On Tuesday (3/26), Purdue Pharma, the company behind OxyContin, reached a $270 million settlement with the state of Oklahoma. The payment will settle a suit by the state that accused Purdue of helping to create the opioid epidemic that is killing tens of thousands of Americans annually.
Not Enough Youths Getting Treatment For Opioids – Washington Post
Despite the severity of the opioid crisis in the United States there has been a noticeable lack of drug treatment options for youth and minorities, according to a new report. This report states that “youth of color are significantly less likely to receive treatment than their white peers” and that only a small percentage of youth who report opioid abuse receive treatment.

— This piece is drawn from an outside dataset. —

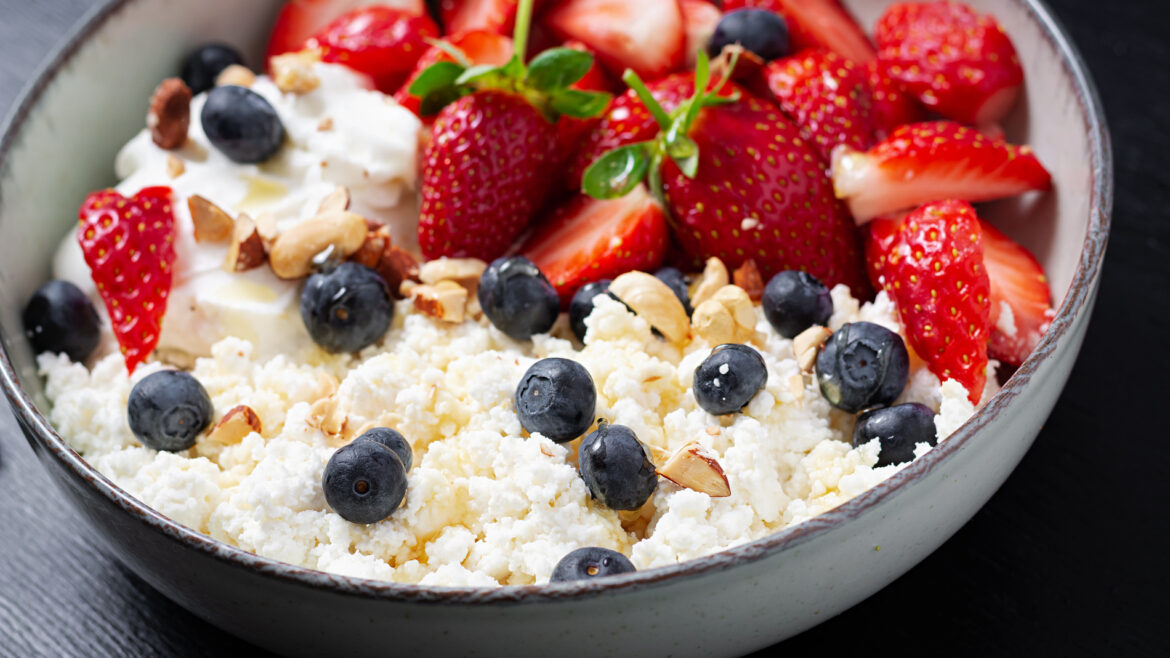 Cottage Cheese with Berries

White House Releases Resource Guide for Schools to Prevent Illicit Drug Use – Office of National Drug Control Policy
The White House Office of National Drug Control Policy (ONDCP) released the Administration’s school resource guide for teachers, administrators, and staff to help educate and protect students from substance abuse. “Getting through to students about the dangers of drug use before it’s too late can make all the difference for millions of young Americans and their families,” ONDCP Director Jim Carroll said.
In the wake of his death last year, the family of superstar DJ-producer Avicii has launched a new foundation. The Tim Bergling Foundation will raise money for a variety of causes including mental health and suicide prevention, according to Rolling Stone magazine.The Swedish star had been open about his struggles with addiction and mental health and took a break from touring in 2016.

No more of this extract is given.